WORK TASK:
The entries are to be given back verbatim; no picture is to be copied.
====== RECORDS TO USE ======
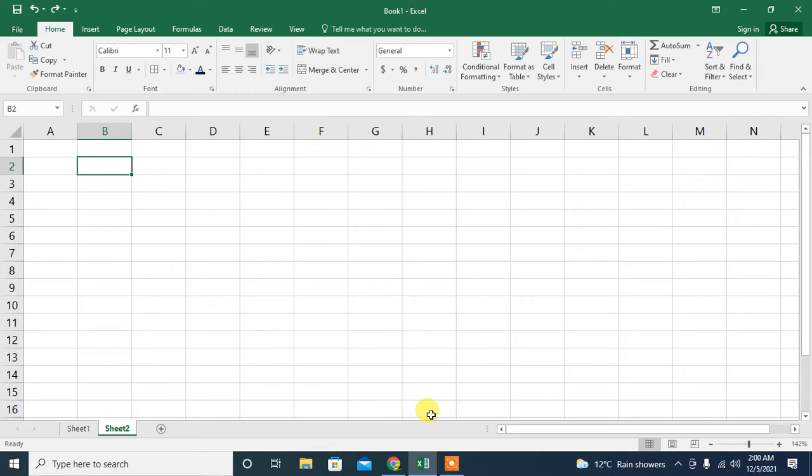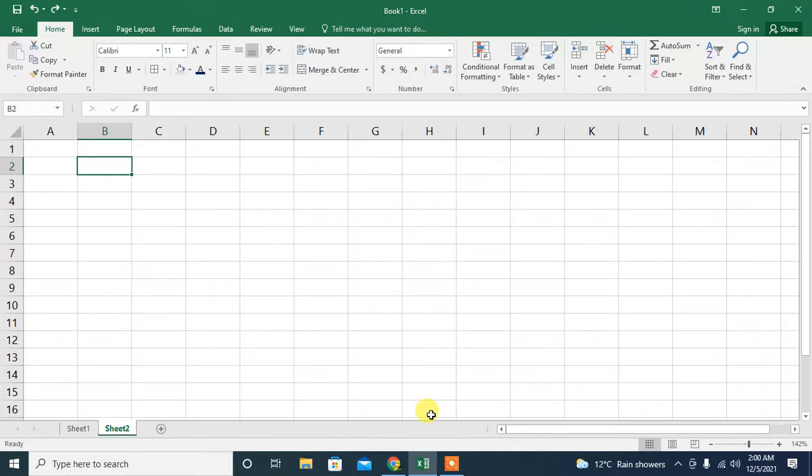Hello friends, in this video you are going to learn how to rotate text vertically or diagonally within the cells of Microsoft Excel. First of all, I select five cells for writing my text. You can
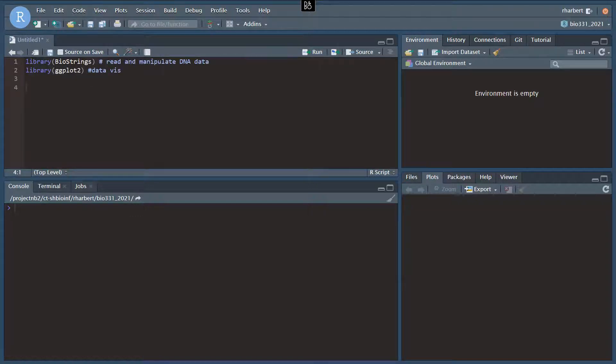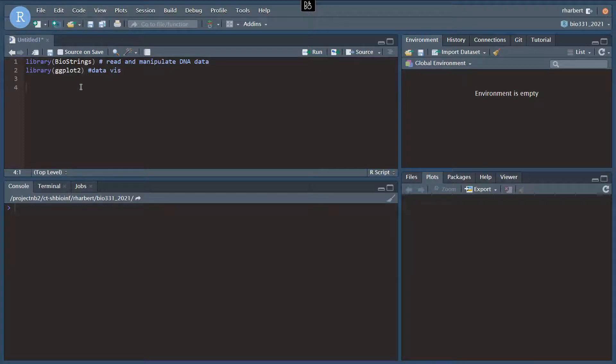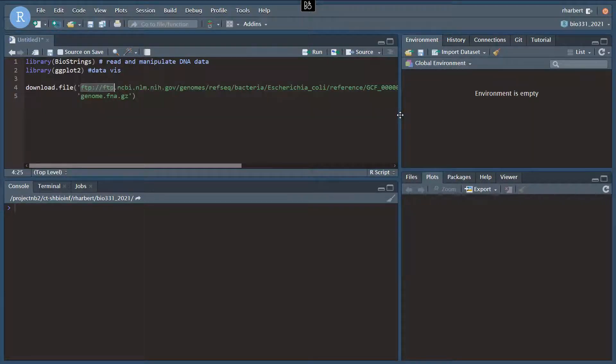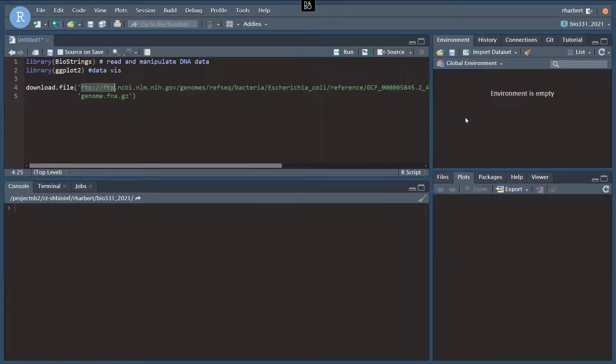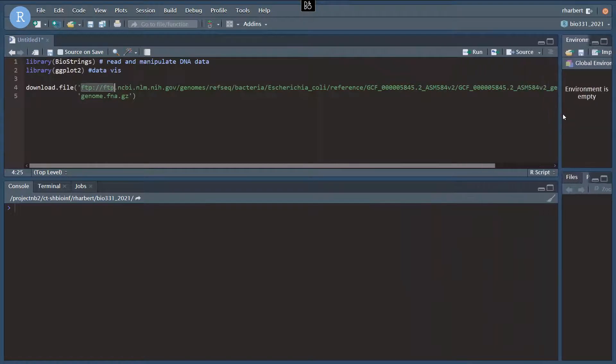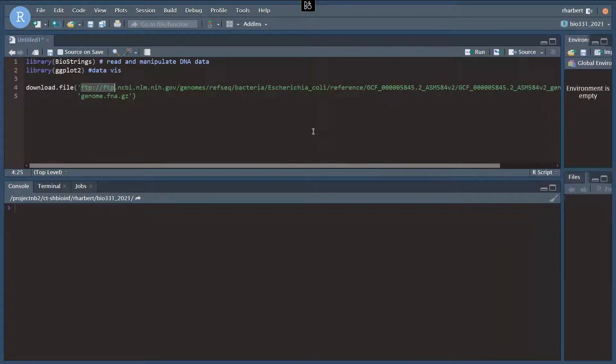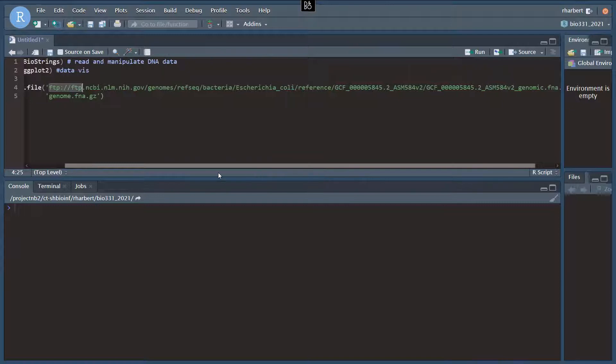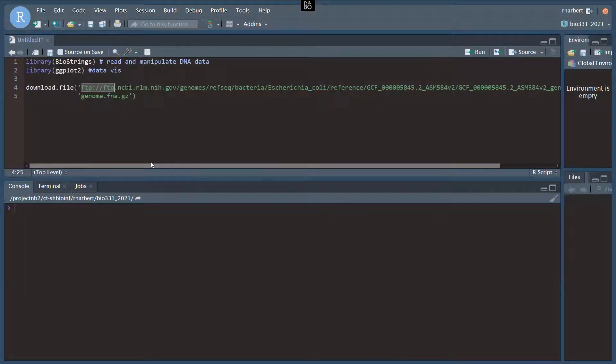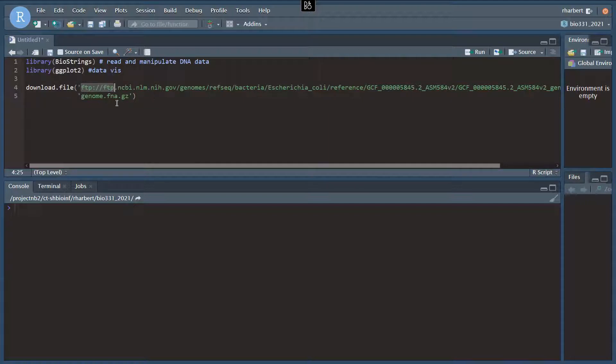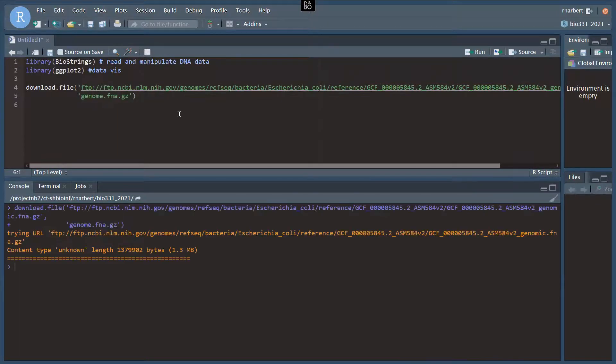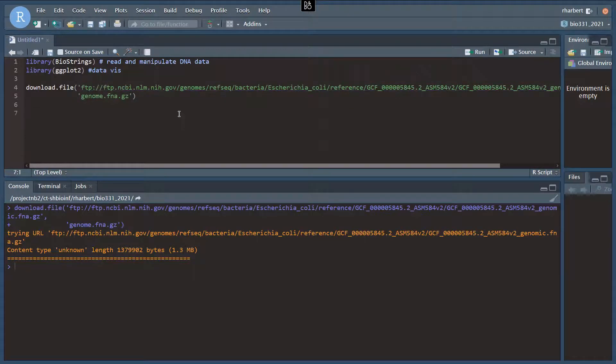Okay, to get our data, I'm going to paste in a command here. We're going to use download file and point that at the NCBI FTP server to grab a reference genome for E. coli. That's the whole path there. I'm going to include the code with this video, so you don't have to copy all that down right here. And we're going to save that as a file called genome.fna.gz. And it should download fairly quickly. It's about a megabyte, so on slower connections, it may take a few seconds, but not very long.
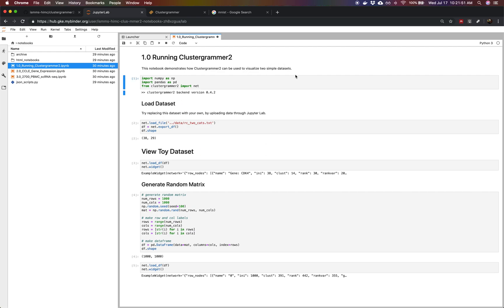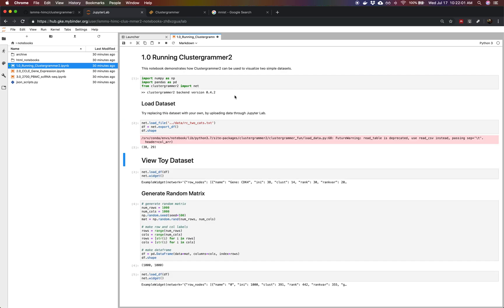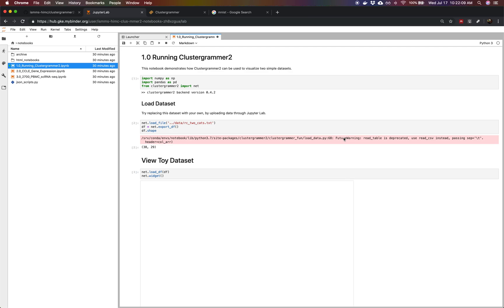If we start executing the first few lines, we are going to first import some libraries like pandas and numpy and ClusterGrammar 2. And then we're going to load an example dataset we have called rc2cats, which is a small gene expression snippet from the cancer cell line encyclopedia. And now we're going to view our toy dataset.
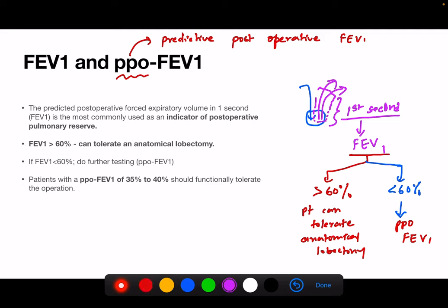A very important line from the textbook is that patients with a PPO FEV1 of 35 to 40 percent should functionally tolerate the surgery — that is, lung resection or lobectomy. So we are aiming for the PPO FEV1 to be 35 to 40 percent.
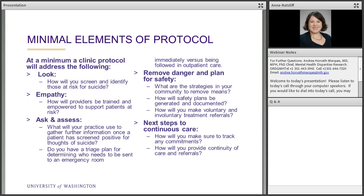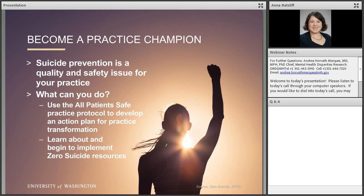There is the opportunity with systems change to engage anyone in the system to become a practice champion. Anyone can be a practice champion. There are many great resources now available for clinics and practices — resources from the Zero Suicide Movement, and tools from our All Patients Safe program. If you are excited about how your system can really support suicide prevention, please look at those free resources. There is a lot of opportunity for implementation at this point.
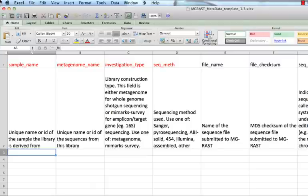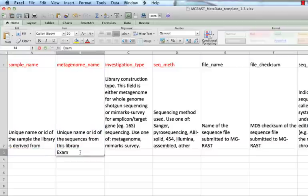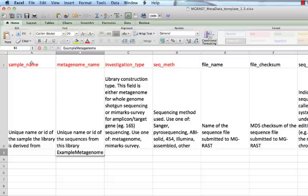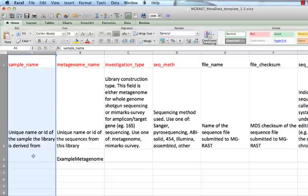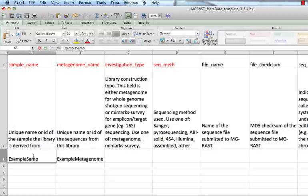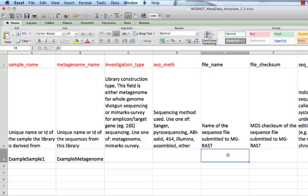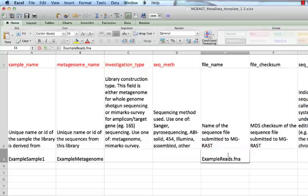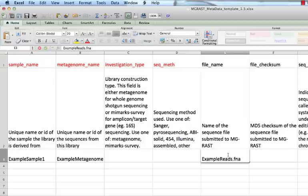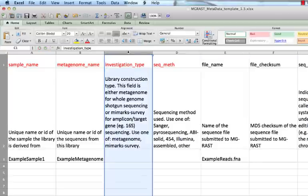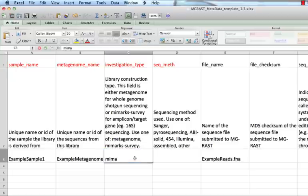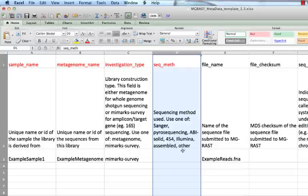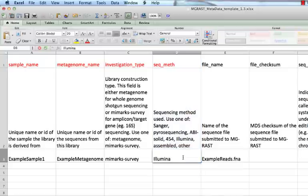You should complete one row per metagenome. If your sequence files are not multiplexed, then you will have one row per sequence file. Give a descriptive name to each metagenome and specify the experimental sample it originates from, using a sample name that you previously assigned on the sample sheet. Specify the sequence file in which reads for the metagenome are recorded. The file example reads dot fna has already been uploaded to MG-RAST for purposes of this demonstration. On this library sheet, always enter MiMarks Survey for the investigation type field. On the Library Metagenome sheet, you would enter Metagenome in the corresponding field. For sequencing method, choose one of the alternatives in row 2.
======
YOUR SOLUTION:
Hello friends, in this video you are going to learn how to rotate text vertically or diagonally within the cells of Microsoft Excel. First of all, I select five cells for writing my text. You can
Okay, to get our data, I'm going to paste in a command here. We're going to use download file and point that at the NCBI FTP server to grab a reference genome for E. coli. That's the whole path there. I'm going to include the code with this video, so you don't have to copy all that down right here. And we're going to save that as a file called genome.fna.gz. And it should download fairly quickly. It's about a megabyte, so on slower connections, it may take a few seconds, but not very long.
If we start executing the first few lines, we are going to first import some libraries like pandas and numpy and ClusterGrammar 2. And then we're going to load an example dataset we have called rc2cats, which is a small gene expression snippet from the cancer cell line encyclopedia. And now we're going to view our toy dataset.
A very important line from the textbook is that patients with a PPO FEV1 of 35 to 40 percent should functionally tolerate the surgery — that is, lung resection or lobectomy. So we are aiming for the PPO FEV1 to be 35 to 40 percent.
There is the opportunity with systems change to engage anyone in the system to become a practice champion. Anyone can be a practice champion. There are many great resources now available for clinics and practices — resources from the Zero Suicide Movement, and tools from our All Patients Safe program. If you are excited about how your system can really support suicide prevention, please look at those free resources. There is a lot of opportunity for implementation at this point.
You should complete one row per metagenome. If your sequence files are not multiplexed, then you will have one row per sequence file. Give a descriptive name to each metagenome and specify the experimental sample it originates from, using a sample name that you previously assigned on the sample sheet. Specify the sequence file in which reads for the metagenome are recorded. The file example reads dot fna has already been uploaded to MG-RAST for purposes of this demonstration. On this library sheet, always enter MiMarks Survey for the investigation type field. On the Library Metagenome sheet, you would enter Metagenome in the corresponding field. For sequencing method, choose one of the alternatives in row 2.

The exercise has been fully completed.